Manipulation of cell fate in myeloid disease

Apoptosis is a normal cellular process of getting rid of extra cells that is co-opted by cancer cells to enhance their own survival, and we aim to better understand this process in myelodysplastic syndromes (MDS). Pevonedistat (PEV) is a novel therapy presumed to function, in part, through its effects on apoptosis. Our clinical trial will combine PEV with the standard of care therapy for MDS, azacitidine, in order to keep cancer cells from hijacking apoptosis, and we will study patient samples to match responses with molecular changes in the cancer cells. We seek to determine the suitability of this approach for MDS, and the ability to predict which patients may respond to PEV-based therapy.

T cell acute lymphoblastic leukemia accumulation in the central nervous system

T cell acute lymphoblastic leukemia (T-ALL) has a strong tendency to infiltrate the central nervous system (CNS). The goal is hope to develop strategies to treat CNS disease in T-ALL with less neurotoxicity and more efficacy than current chemotherapy.

Deciphering the metabolic basis for t(11;14) multiple myeloma venetoclax sensitivity

The BCL-2 antagonist venetoclax is highly cytotoxic in a subset of t(11;14) multiple myeloma (MM). In investigating the metabolic basis for the sensitivity of t(11;14) MM to venetoclax, we determined that sensitive cells exhibit significantly reduced succinate ubiquinone reductase (SQR) activity. In addition, inhibition of SQR sensitizes resistant MM to venetoclax. Our proposal seeks to investigate SQR as a diagnostic and therapeutic target to broaden the application of this potent BH3 mimetic.

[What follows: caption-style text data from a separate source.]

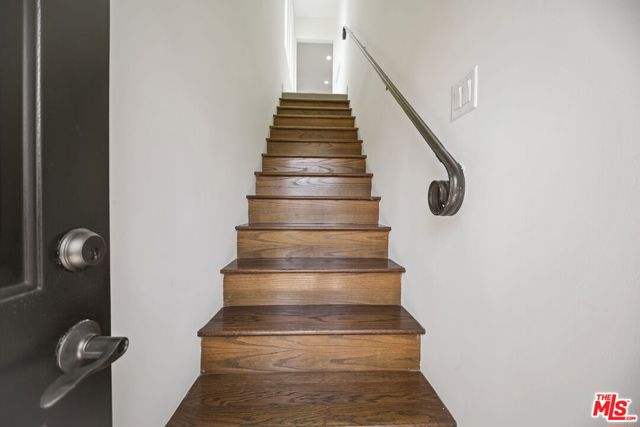 1148 S Stanley Avenue, Los Angeles CA: https://media.crmls.org/mediaz/c7c9b089-988e-4ecb-a3ce-03e1c3fbfb66.jpg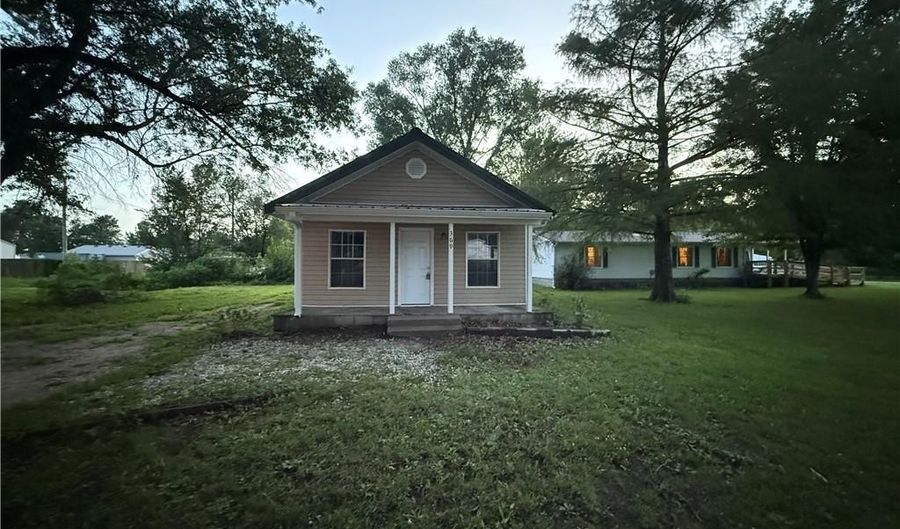 369 Martin Ave, Asbury, MO 64832 - 2 Beds, 1 Bath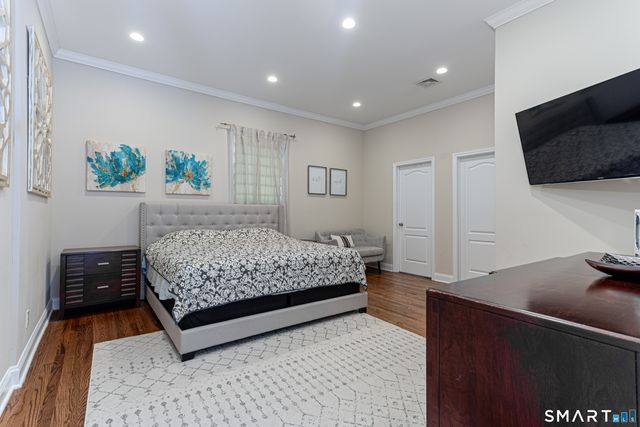 119 Seaside Avenue A, Stamford, CT 06902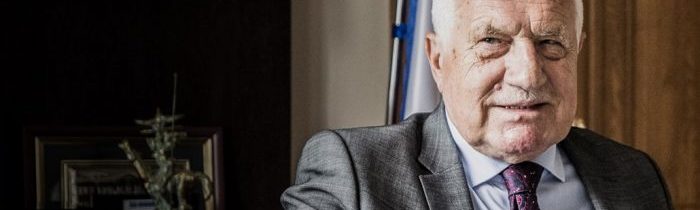 Exprezident Václav Klaus reaguje prohlášením na šílené zpravodajské hry a bezuzdné řádění vlády: „Nevěřil jsem, že se ještě někdy vrátím do padesátých let, že budu ještě někdy bezmocně bouchat do stolu při poslouchání režimového rozhlasu a výroků našich vrcholných politických představitelů“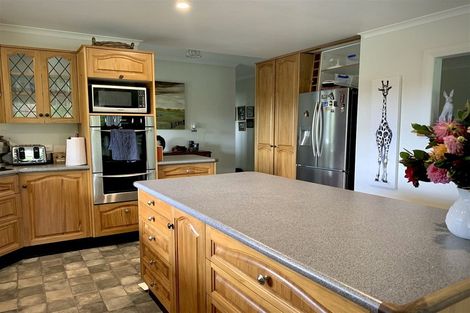 Photo of property in 220 Woodside Road, Woodside, Greytown, 5794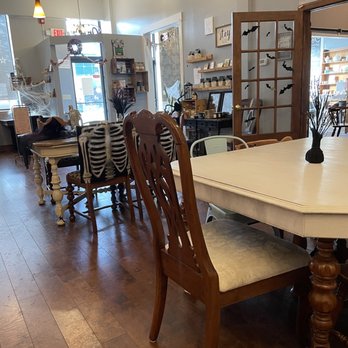 Little Bean Coffee Company - More seating CUTE SHOP' - Coffee & Tea Near Me - Antioch, Illinois Little Bean Coffee Company - More seating CUTE SHOP' - Coffee & Tea Near Me - Antioch, Illinois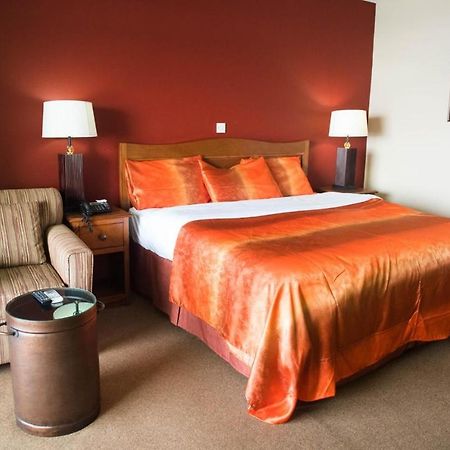 Golden Tulip Essential Kimbima Freetown Exterior foto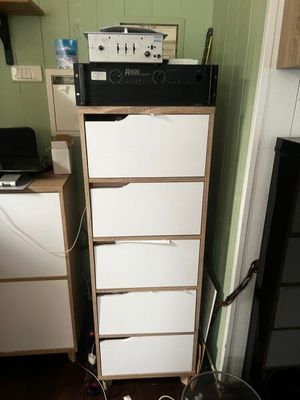 une photo d'une grande armoire dans une pièce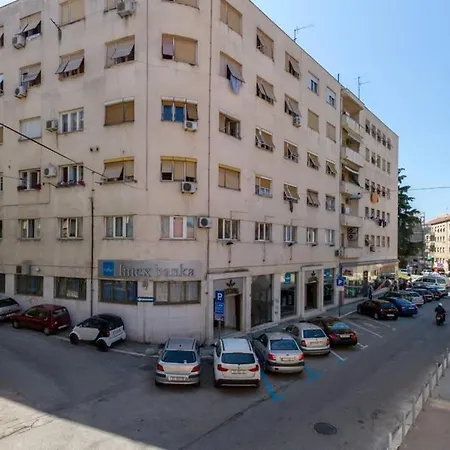 Romantic In Center *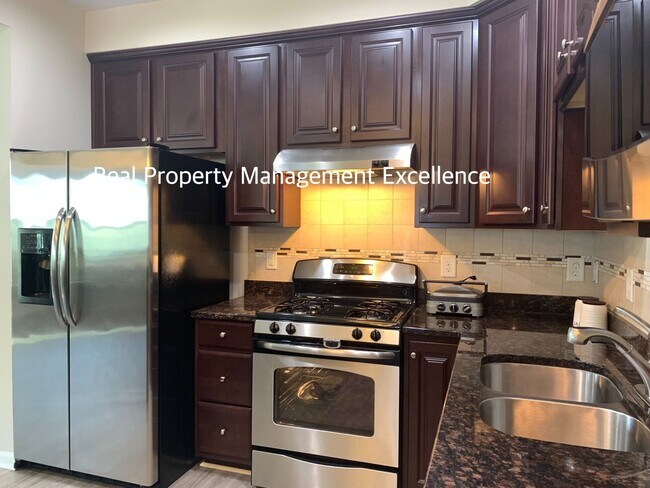 Building Photo - Gorgeous End-Unit TH In Desired Cary Locat...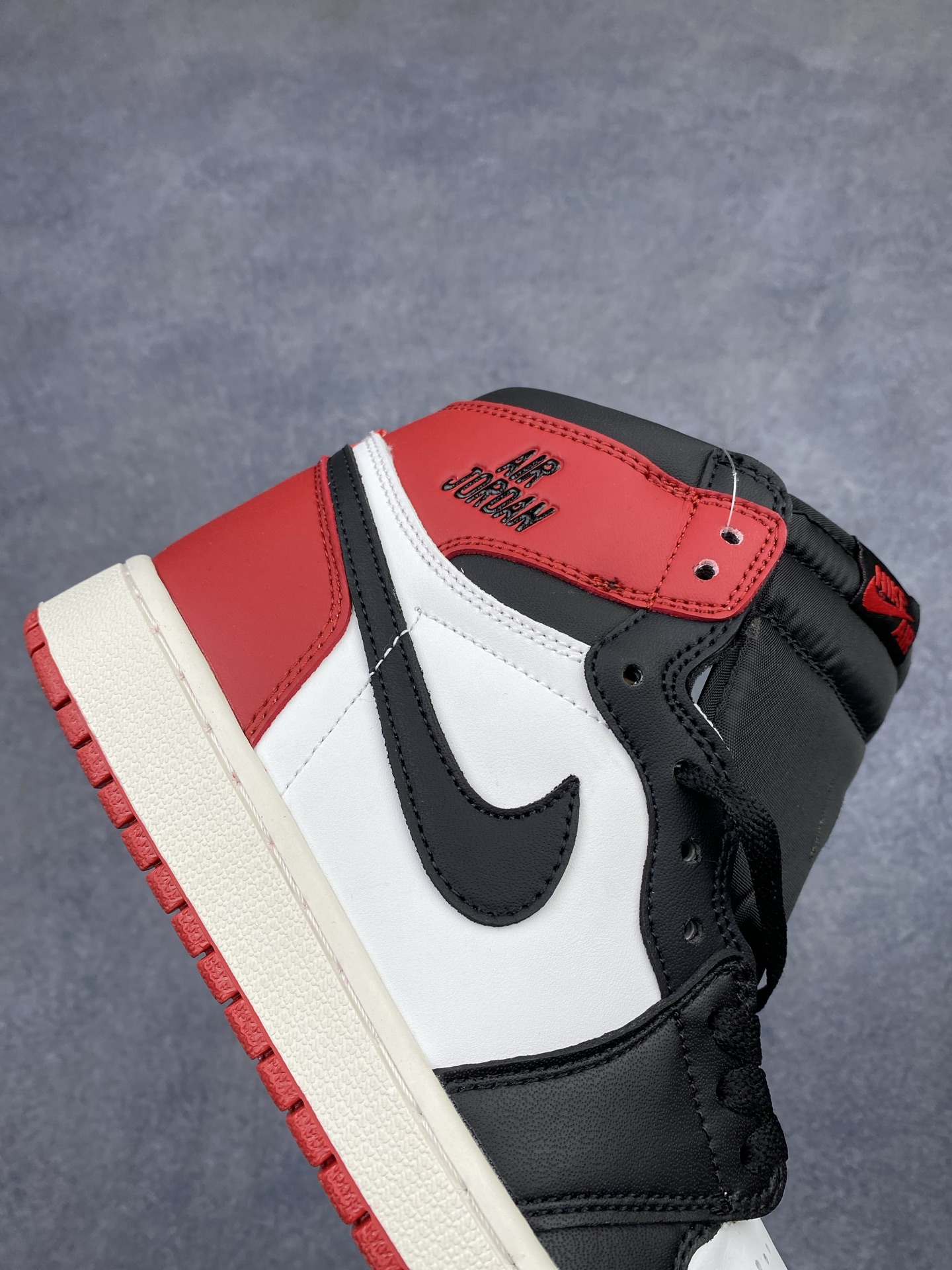 Nike Air Jordan 1 Retro High OG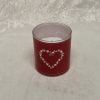 glas med stearinlys med rød label med hvidt hjerte og diameter på 7 centimeter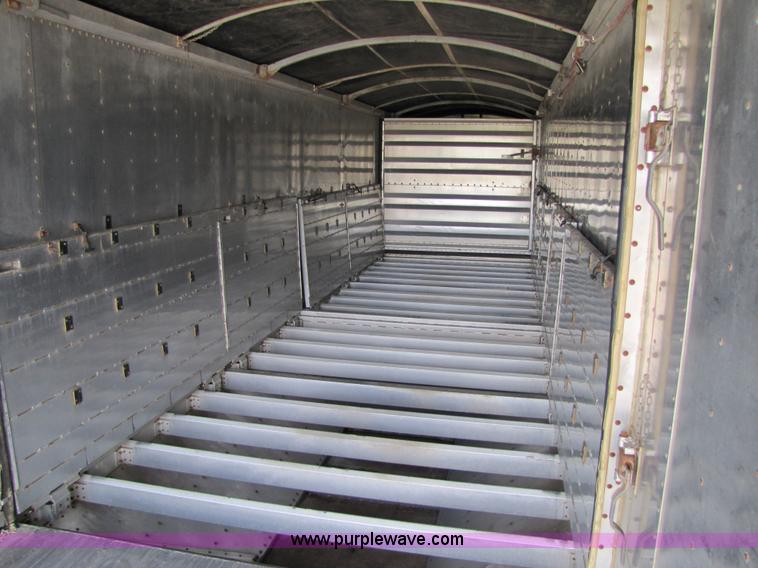 image for item 7208 1999 Wilson Convert a Hauler grain trailer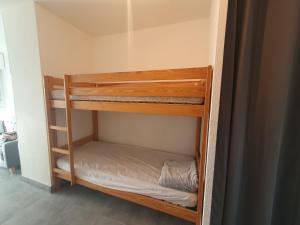 Studio cabine à Sète avec climatisation et parking, proche canal - FR-1-338-398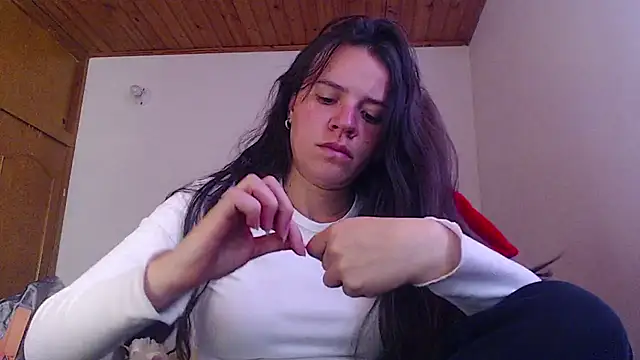 Snapshot of Shanel_Lozano chatting on 07.06.26 Shanel Lozano online show from 07.06.26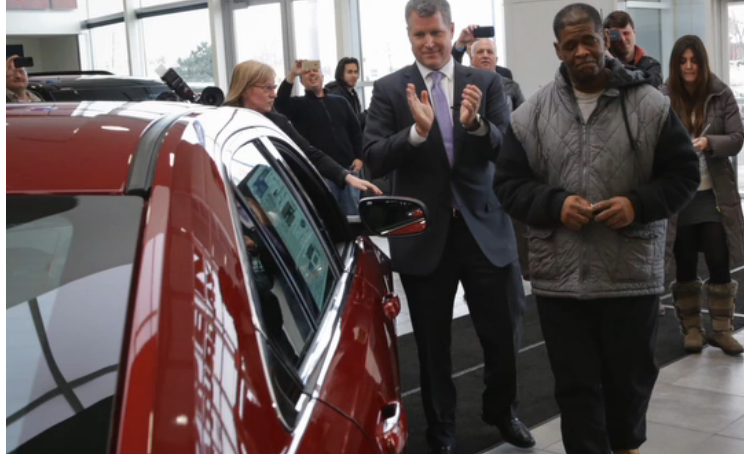 A Détroit, des inconnus lui offrent une voiture pour aller travailler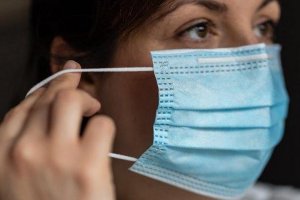 La mascarilla, obligatoria en cualquier espacio.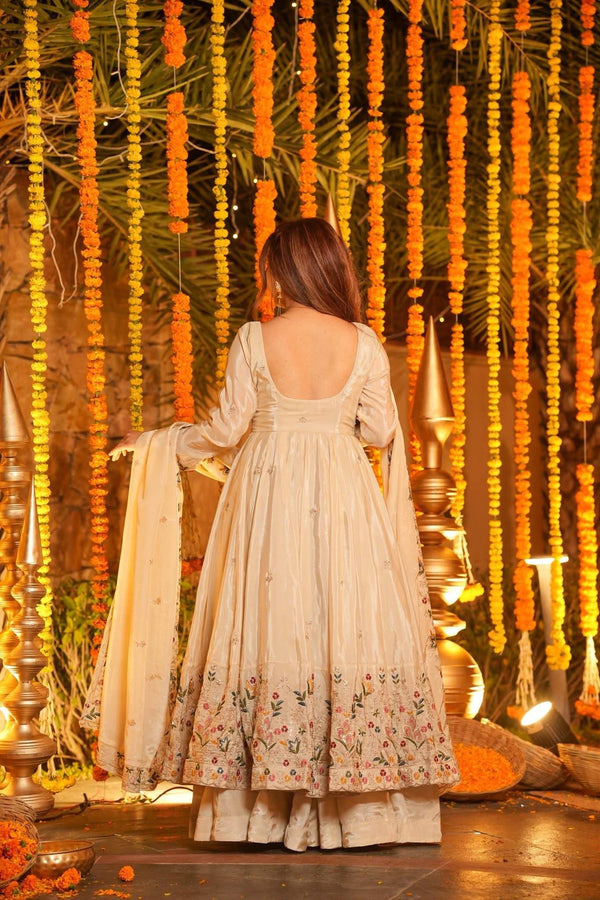 Floral Dreams: A Timeless Ethnic Wear
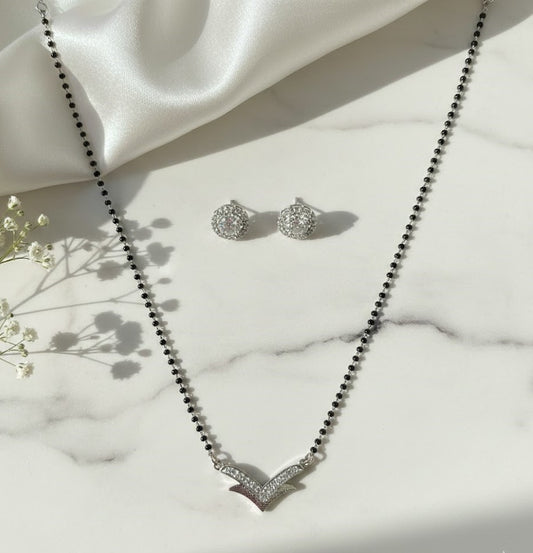 Minimal V-Shape AD Mangalsutra Set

Novel combination strategies to enhance brentuximab vedotin efficacy in relapsed/refractory Hodgkin Lymphoma

New, non-chemotherapy treatments that use a patient’s own immune system have transformed the treatment of Hodgkin lymphoma (cHL). Typically used in patients with cHL that is resistant to standard treatment, these immune therapies can control the disease for months to years. However, in the long run, most patients will not be cured and will have immunotherapy-resistant cHL. My research evaluates strategies for reversing resistance to brentuximab vedotin (BV) immunotherapy for cHL by combining BV with other treatments in clinical trials.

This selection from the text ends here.